Wednesday, September 29, 2010

And You Thought I Was Cynical

On a recent trip to the grocery store during mommy prime time -- a.k.a Monday 11 a.m., also considered old people prime time -- I ran across a young woman who was dishing out parenting advice at the deli counter. 
Naturally I had Mackenzie buried in the shopping cart surrounded by mounds of produce and nonperishables.  
As I tried to weave my way through the dozen or so customers lollygagging around the case of Boar's Head ham, I was trapped by the grocery gabber
"How old?" she asked pointing to the car seat. 
"Almost 4 months," I replied, overestimating a bit since Mackenzie is a little plump for her age (90th percentile in weight, MUST SWITCH HER TO LIGHT BEER).
"Ohhh, you're still in the trenches," said my new friend. 

I sort of half nodded, half shrugged. 
I'm still here?
I thought my husband, Doug, and I had victoriously emerged from the trenches hand-in-hand after week six. 
We still had plenty of trying times with the baby but for the most part we had this parenting thing down pat, didn't we?

"Mine is 8 months," the girl proudly stated, implying that she was out of said trenches.
I had to hand it to her.  
It was clear from her glowing appearance and bubbly personality that she had things figured out.  Her clothes were clean, she was wearing makeup, and her long blond hair was perfectly blown out and shiny. 
Her shopping cart was filled with groceries, not a baby she was trying to soothe while waiting for her half pound of thin-sliced turkey.
I wondered if this would be me in 5 months or if I'd still come across like an escaped mental patient. 
I may have felt like I was out of the trenches but I looked like a casualty of war.
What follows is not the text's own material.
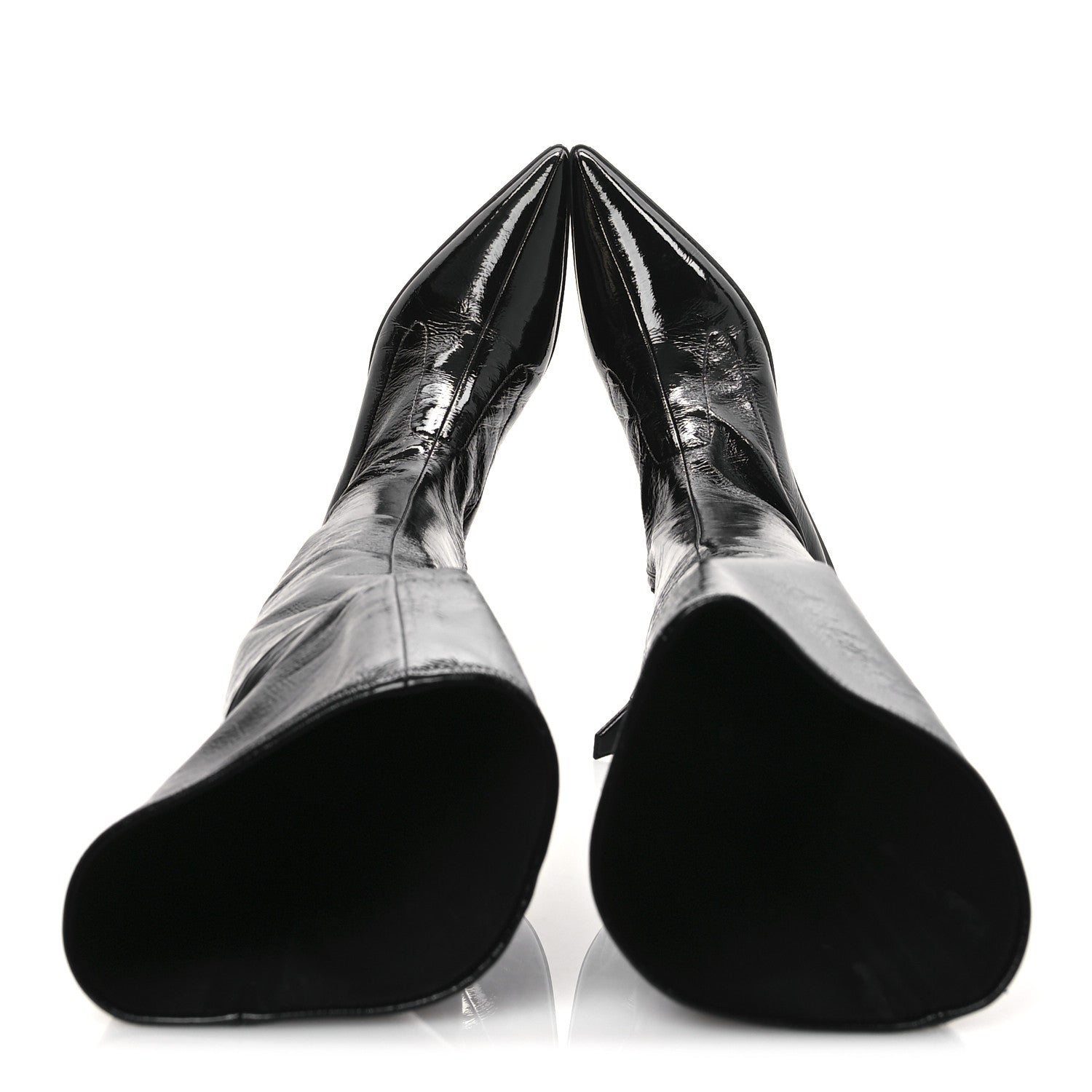 Miu Miu Nappa Stretch Knee High Heel Boot 36.5 Black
Fast forward a few days to my encounter with a friendly but chatty acquaintance whose three unruly toddlers have a penchant for playing barefoot in the middle of the street.
"This is the best time," he tells me, glancing at Mackenzie with a look of nostalgia.  "Once they can crawl and walk your life is REALLY over."

Well isn't that just great. 

So, according to these two experts, I have a small window of happiness between a couple of heaping piles of doom.  

I guess reality once again slaps me in the face. 

But despite the fact that these unsolicited advisers were ruining my week with their cynical observations, it got me thinking.  
There really is no easy time, is there? 

When they're infants it's the crying and struggling to get them to sleep. 
When they're toddlers you spend all of your time chasing after them and playing the "why" game. 
And if Mackenzie is anything like I was as a tween and teen, I'm dreading the day she starts going to parties, dating, and driving. 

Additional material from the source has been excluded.